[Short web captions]
====================
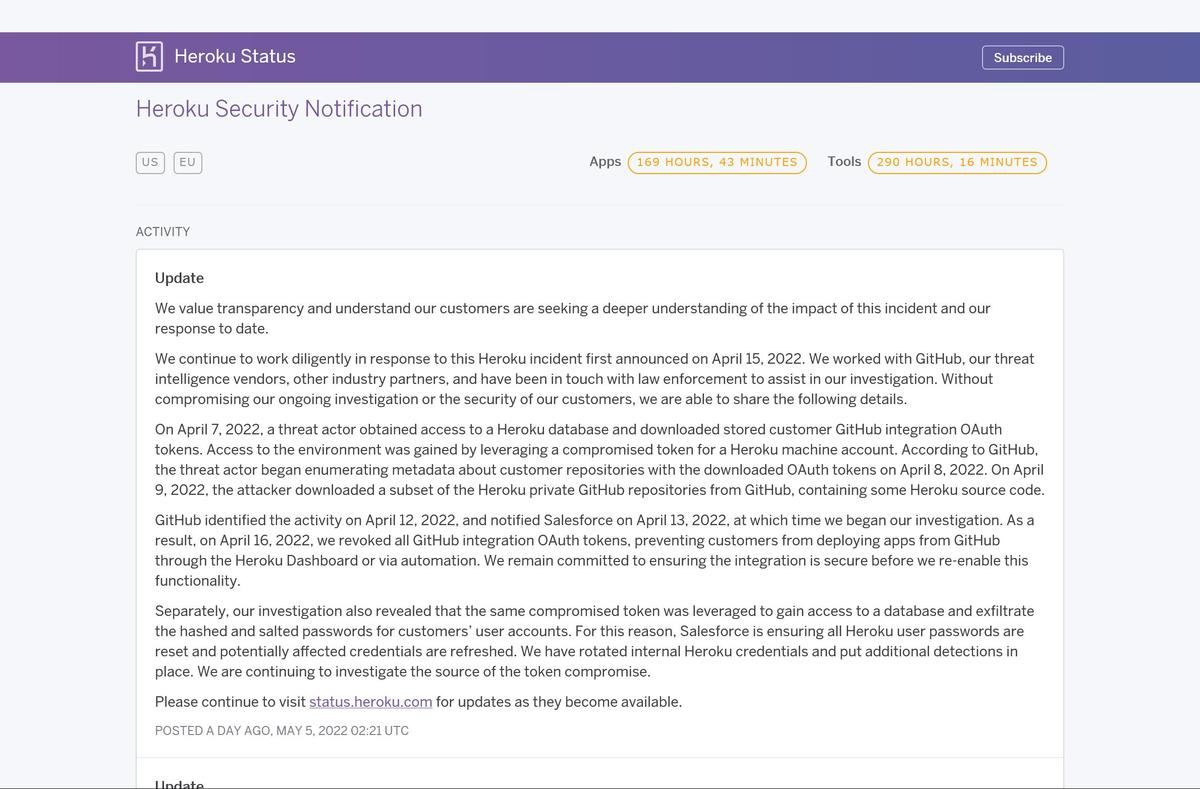 Heroku Status - Heroku Security Notification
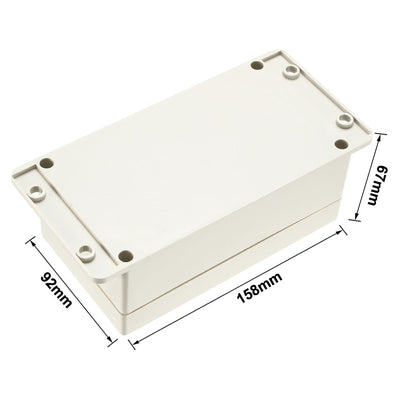 Harfington 158*92*67mm Electronic Waterproof IP65 Sealed ABS Plastic DIY Junction Box Enclosure Case Gray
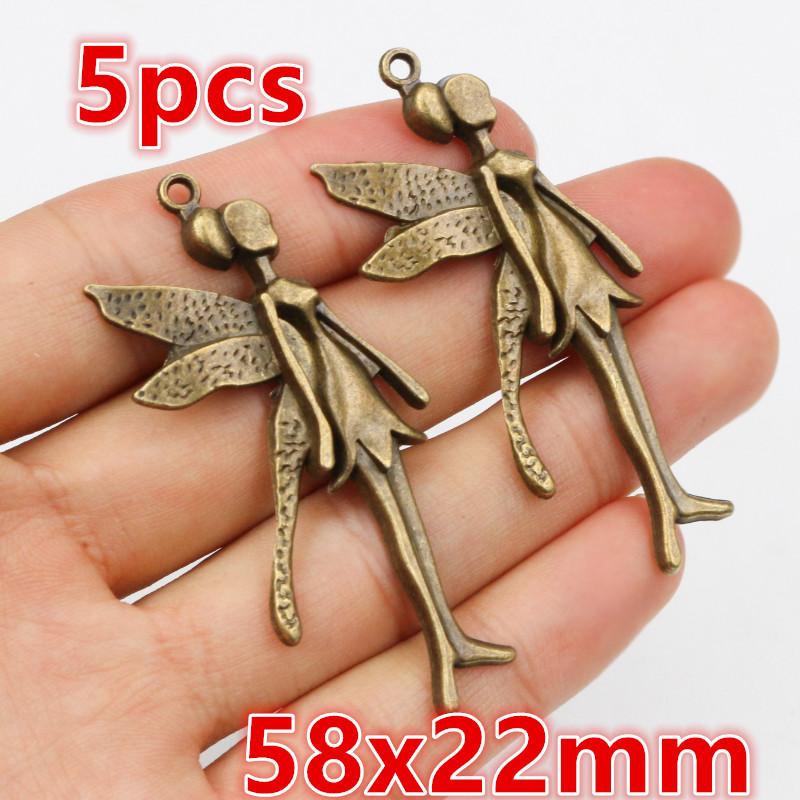 1-50pcs Alloy Metal Wings Flying Angle Heart Charms Pendant DIY Jewelry Making Accessories Findings for Necklace Keychains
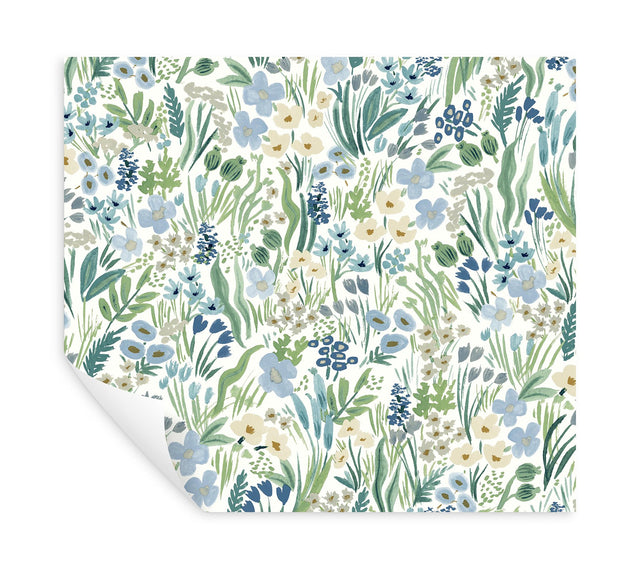 Lea Indigo Peel & Stick Wallpaper with Botanical Ivy/Vines Motif - York PSW1468RL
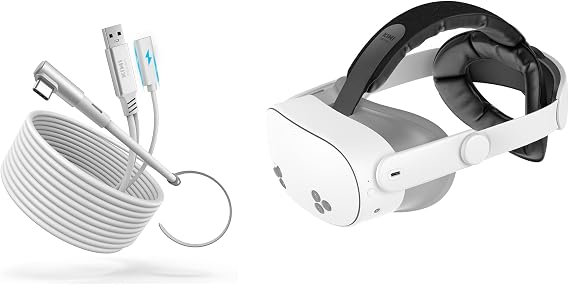 KIWI design K4 Head Strap, VR Headset Accessories for Meta Oculus Quest 3/3S and Link Cable with Charging 16FT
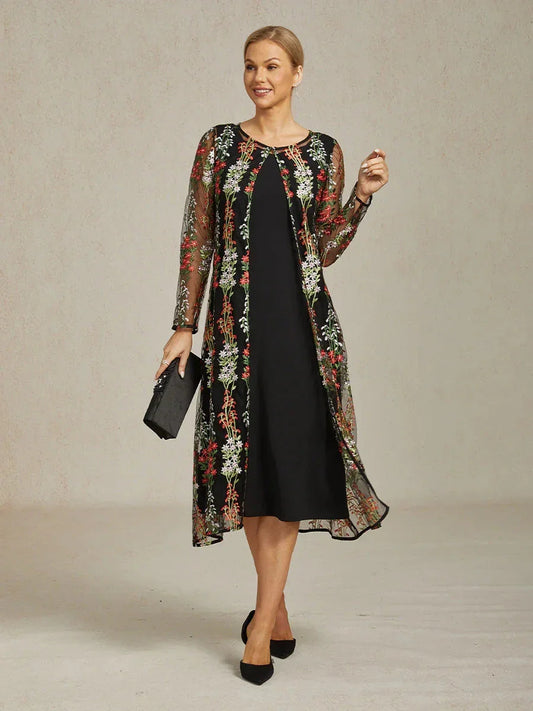 Long Floral Embroidered Lace Jacket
====================
● Try it
Starting from the line containing "1-50pcs Alloy Metal", repeat each line exactly through the end of the entries, including the last, while leaving pictures out.

● Exercise solution
 1-50pcs Alloy Metal Wings Flying Angle Heart Charms Pendant DIY Jewelry Making Accessories Findings for Necklace Keychains
 Lea Indigo Peel & Stick Wallpaper with Botanical Ivy/Vines Motif - York PSW1468RL
 KIWI design K4 Head Strap, VR Headset Accessories for Meta Oculus Quest 3/3S and Link Cable with Charging 16FT
 Long Floral Embroidered Lace Jacket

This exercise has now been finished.